Segundo os servidores, os atos recentes teriam violado três princípios constitucionais da administração pública: finalidade administrativa, uma vez que o IBGE tem como função produzir informação técnica e objetiva, e não material simbólico ou político; impessoalidade, por servir à sociedade e não a narrativas de governantes ou gestões; e moralidade administrativa, porque os recursos públicos devem ser usados com integridade e respeito à função estatal.

“A gestão atual do IBGE vem falhando, repetidamente, em proteger o valor técnico e a integridade institucional do órgão. O IBGE não pertence a pessoas. Pertence ao Estado, à sociedade e ao futuro. O Brasil não precisa estar no centro do papel. Precisa estar no centro da honestidade técnica, da responsabilidade pública e do compromisso com a verdade. Por isso dizemos, com serenidade firme: não ao mapa da vaidade. Sim à ciência, à integridade e à maturidade institucional”, defendeu o núcleo sindical.

Em nota divulgada à imprensa na última quinta-feira, 8, o IBGE informou que “o lançamento inédito” do mapa-múndi oficial invertido tinha versões em português e em inglês.

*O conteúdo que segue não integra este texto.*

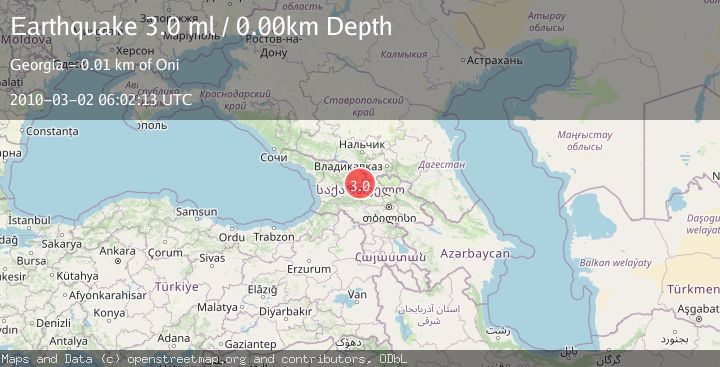 Map of GEORGIA (SAK'ART'VELO)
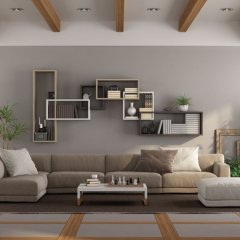 Kitaplık ve Çalışma Masaları 12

“Estamos lançando o novo mapa-múndi que tem o Brasil nesse centro do mundo, mas agora de uma forma invertida, estimulando a reflexão sobre como nos vemos neste novo mundo em que as transformações ocorrem mais rapidamente e exigem um protagonismo brasileiro ainda maior”, defendeu Marcio Pochmann, em vídeo postado no site do instituto.

O novo mapa destaca os países que são membros do BRICS, do Mercosul, países de língua portuguesa e países que possuem o bioma amazônico, além das cidades do Rio de Janeiro, Belém e Ceará.

“Esse lançamento integra uma série de ações estratégicas para a reflexão e o debate sobre a importância do Sul Global, em meio à crescente importância do Brasil no cenário internacional e às mudanças geopolíticas mundiais”, declarou o IBGE na nota oficial. “O lançamento é feito em ano que o Brasil tem ativa participação nos debates e perspectivas do Sul Global e do cenário mundial, em especial por presidir o BRICS e o Mercosul. E recebe a COP 30”, justificou o instituto, no comunicado.